Recorded information ▸
Start of Block

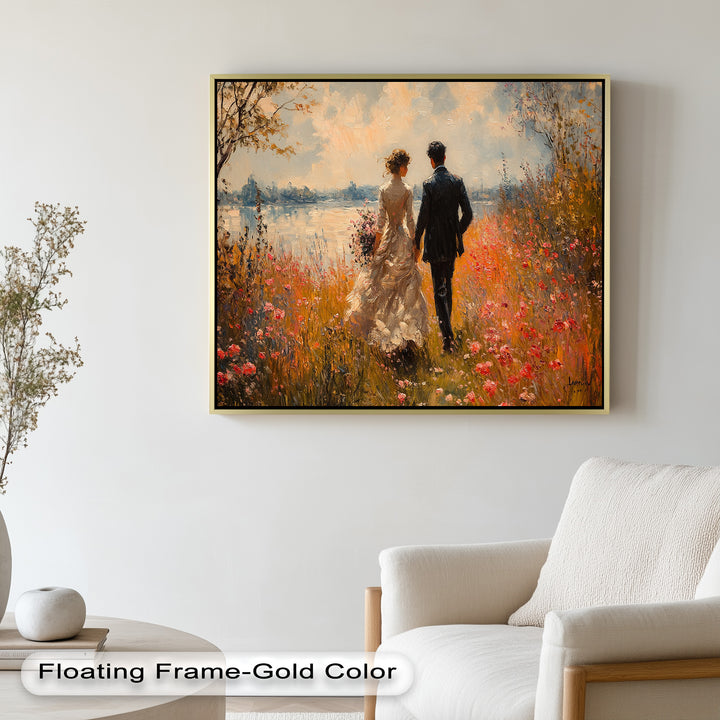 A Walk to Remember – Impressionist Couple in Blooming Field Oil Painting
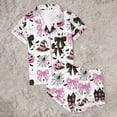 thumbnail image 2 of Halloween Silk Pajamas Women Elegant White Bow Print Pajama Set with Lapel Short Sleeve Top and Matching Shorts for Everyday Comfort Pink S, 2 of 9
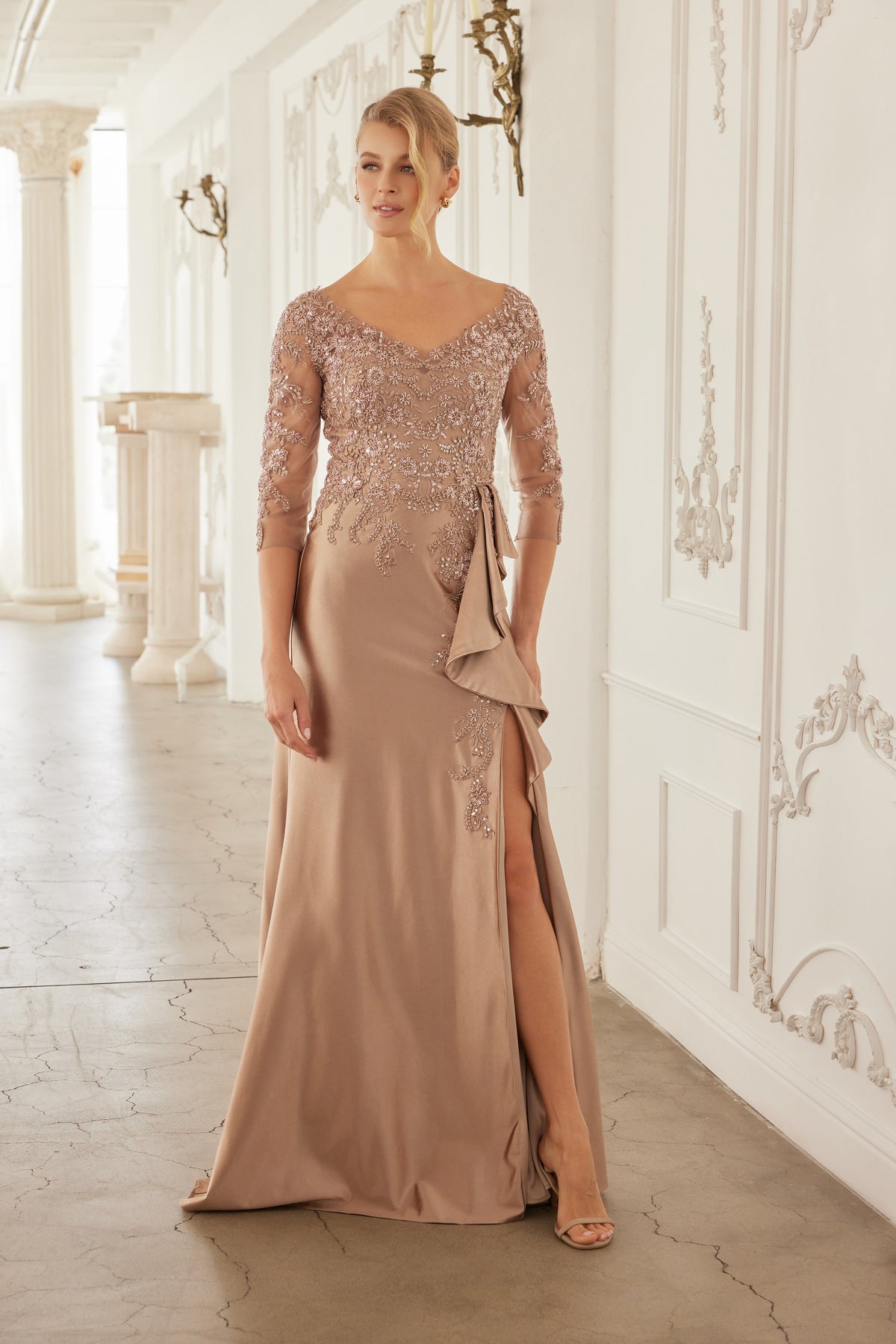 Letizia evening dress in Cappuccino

End of Block

Problem to work on ▸ Transcribe the data verbatim. No picture belongs in the result.

Expected answer ▸
 A Walk to Remember – Impressionist Couple in Blooming Field Oil Painting
 thumbnail image 2 of Halloween Silk Pajamas Women Elegant White Bow Print Pajama Set with Lapel Short Sleeve Top and Matching Shorts for Everyday Comfort Pink S, 2 of 9
 Letizia evening dress in Cappuccino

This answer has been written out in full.